The treatments are carried out by a so-called cleft team. This is a team of doctors (including plastic surgeon, ENT doctor, oral surgeon, speech therapist, orthodontist) who deal with cleft palate. Many checks are carried out by the entire team or a number of doctors from this team.

Nose

As a result of the cleft lip and palate, the nose may be crooked; with a one-sided, incomplete cleft lip, the abnormal position of the nose will be less serious than with a double-sided, complete cleft lip. During the first operation, the position of the nose is also examined and, if possible, this will be corrected. An operation that will probably be performed several times in the child’s life.

To feed

The severity of the abnormality varies greatly from child to child. From single-sided incomplete slits to double-sided complete slits. The consequences for a child vary as much as the severity of the abnormality. But in general it can be said that breastfeeding, for example, is very difficult or not possible at all for a baby with a cleft palate. There is a special bottle on the market, the Habermann, which makes feeding a baby with a cleft palate easier. Children with a cleft palate continue to eat at normal ages.
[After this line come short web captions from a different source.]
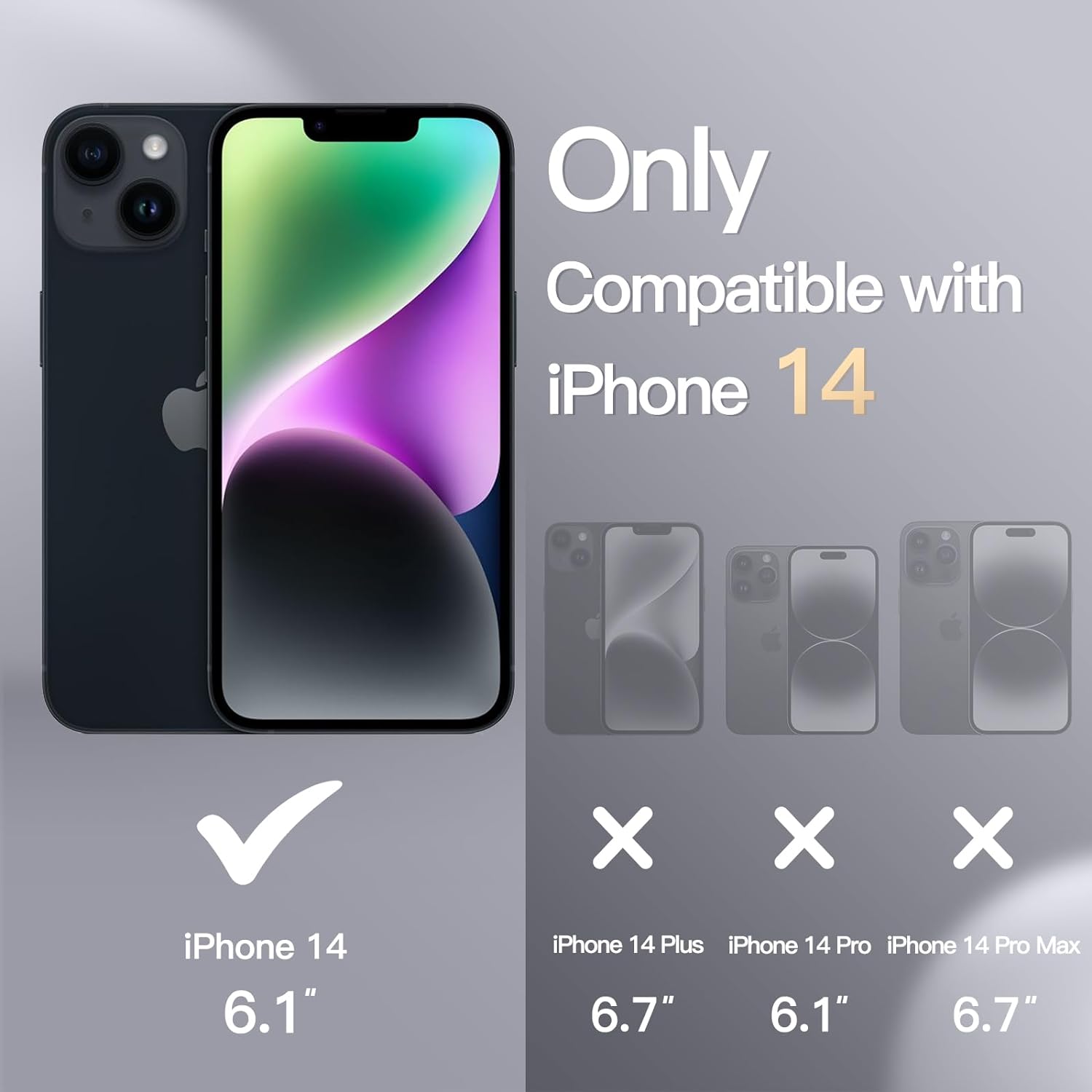 Husa Protectie +QUAL, Compatibila iPhone 14, Silicon, Microfibra in Interior, Ultra Slim, Margini Ridicate pentru Protectia Ecranului si a Camerelor, Negru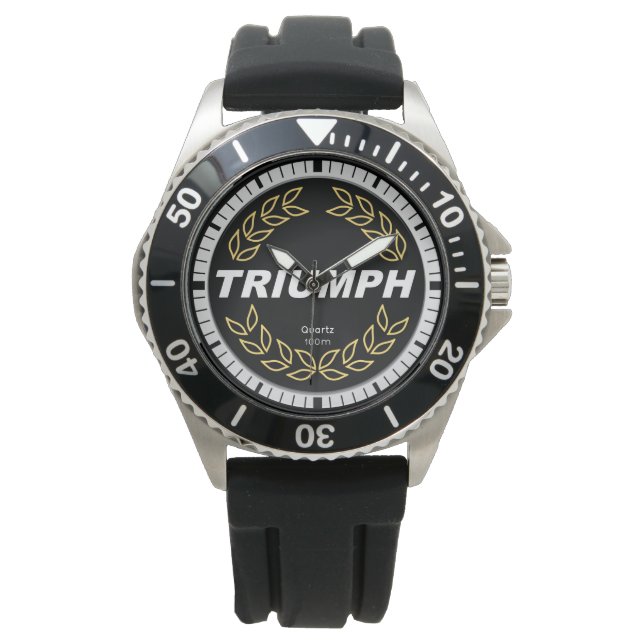 Triumph TR7 Laurel Wreath  Watch (Front)
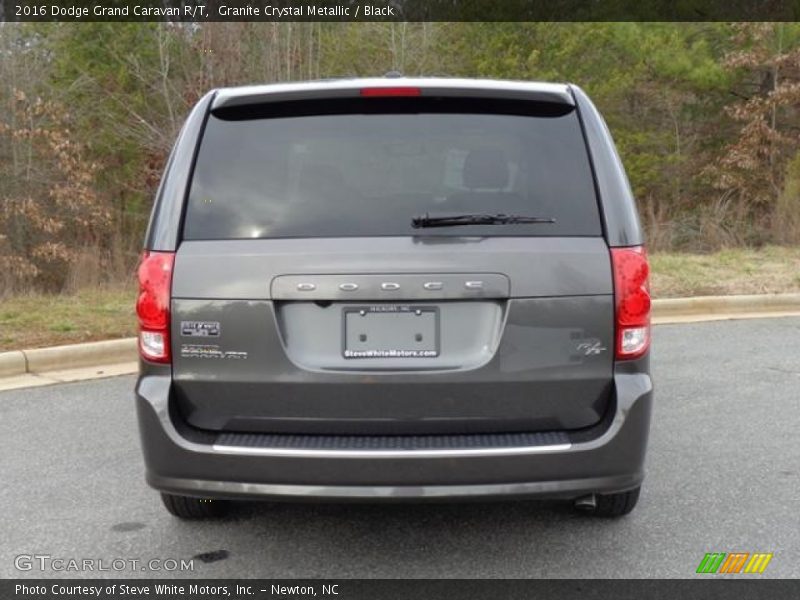 Granite Crystal Metallic / Black 2016 Dodge Grand Caravan R/T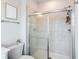 Modern bathroom showing a tiled shower with glass doors and contemporary fixtures at 135 Climbing Ivy Cir, Fayetteville, GA 30214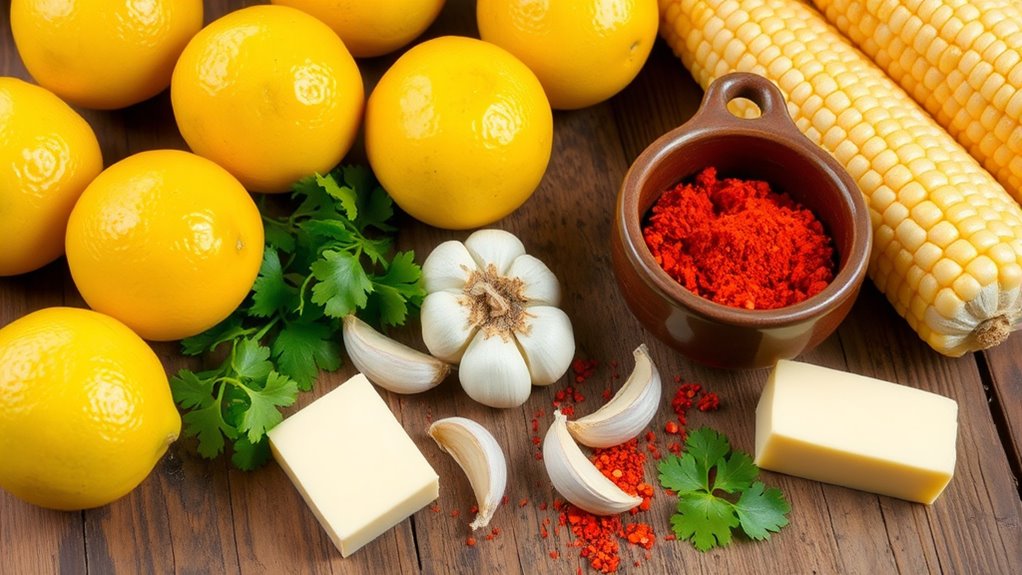 gather fresh flavorful ingredients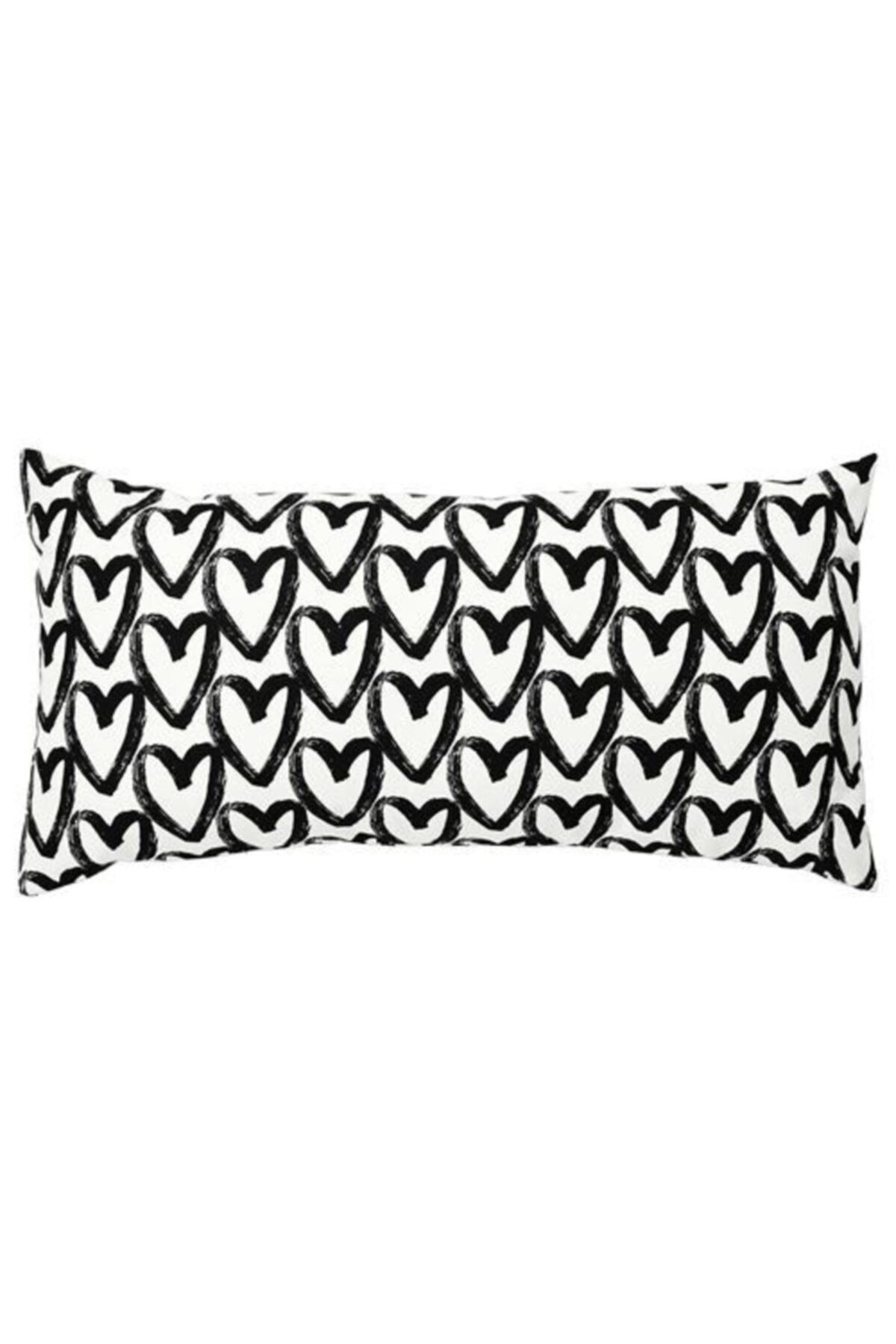 ikea minder kalp baskili dolgulu kirlent yastik meridyendukkan 30x58 cm bel yastigi fiyati yorumlari trendyol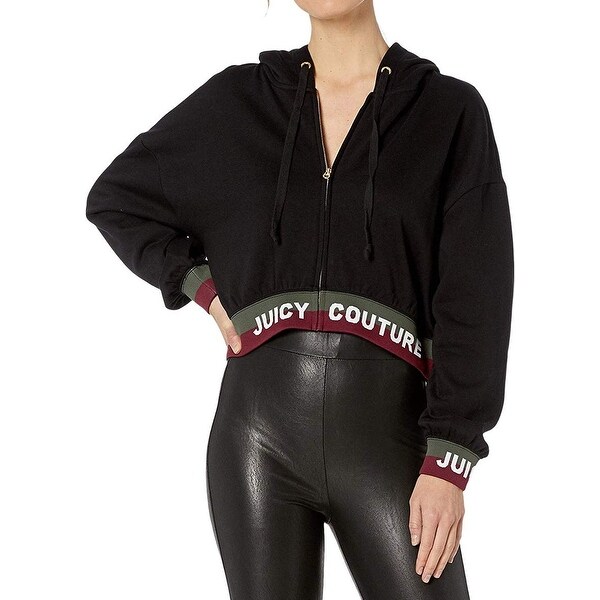 full zip crop hoodie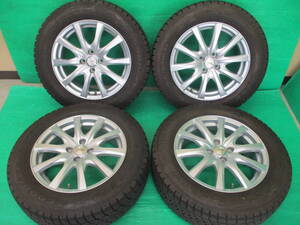 深溝♪GOODYEAR ICENAVI 195/65R16★美品♪ｗeds raurion 16×6J+42 4H-100★埼玉県発 現物確認OK♪4本set ライズ ロッキー レックス など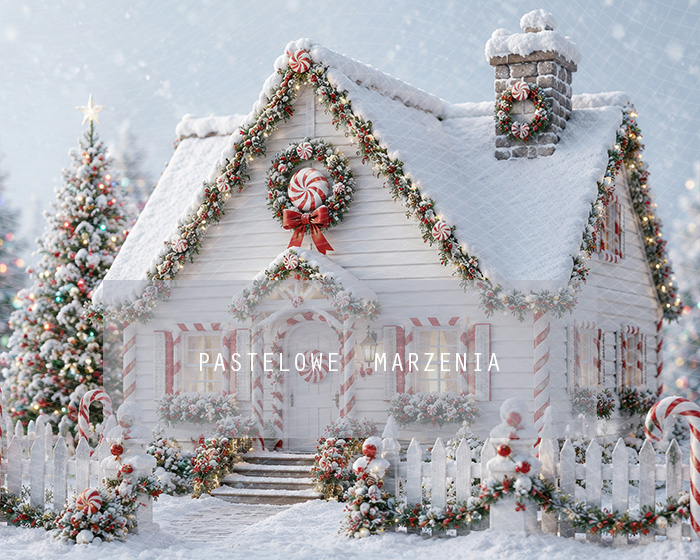 Fabric photographic background from the Christmas category, Frame 250x200 cm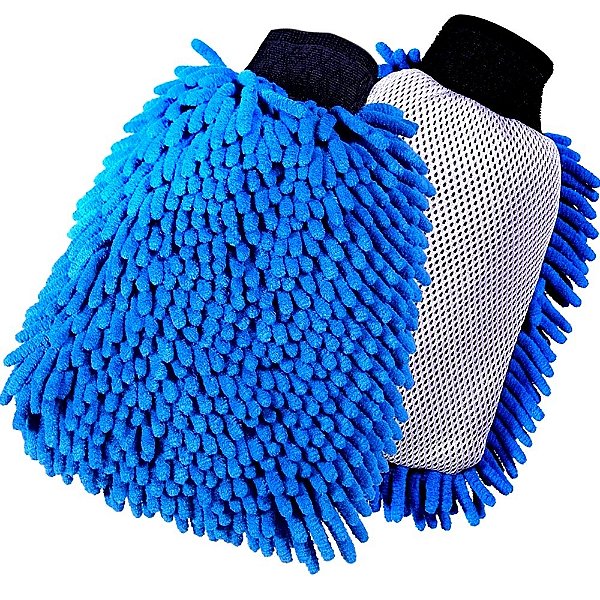 LUVA MIC DUPLA ACAO 25X16CM 105GSM - Vonixx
So around 6 months you can start eating fruit and vegetables. With fruit, note that citrus fruit and kiwi, for example, can be very sour and painful when they pass through the cleft palate into the nasal cavity. It is almost inevitable that food will end up in the nasal cavity, unless the child has a plate that covers the slit. While eating and drinking, some nutrition may come out of the nose. It is amazing how easily a child with a cleft palate learns to eat.

Cleft palate and other conditions

A cleft palate can be an isolated abnormality, but it can also be accompanied by multiple abnormalities. In this case we speak of a syndrome. There are several syndromes that also include cleft palate, such as Pierre Robin sequence or 22Q11 deletion syndrome. A child with cleft palate may also have heart, ear and kidney abnormalities. It is therefore important that a child with cleft palate is properly examined physically.

Bullying

Something that is not yet an issue in the first years of a child’s life, but which can occur when the child goes to school, is bullying. Your child simply looks different from other children, especially if the lip cleft was large. The baby teeth can also be crooked. All reasons to be bullied. How do you deal with this? What is important is that other children know what is going on. Ask if it is possible to explain to the class what is going on with the child and why it looks different. Understanding often leads to acceptance and that is exactly what needs to be achieved.

How further

A child with a cleft lip and palate often continues to deal with the abnormality until adulthood. Rhinoplasties, operations, braces and the like remain necessary until the child is satisfied with his appearance. Fortunately, cleft palate is an abnormality that can be easily lived with. It is not life-threatening, but it does affect your child’s appearance. Something that can sometimes cause problems, especially during puberty. Keep a close eye on your child and support them where necessary.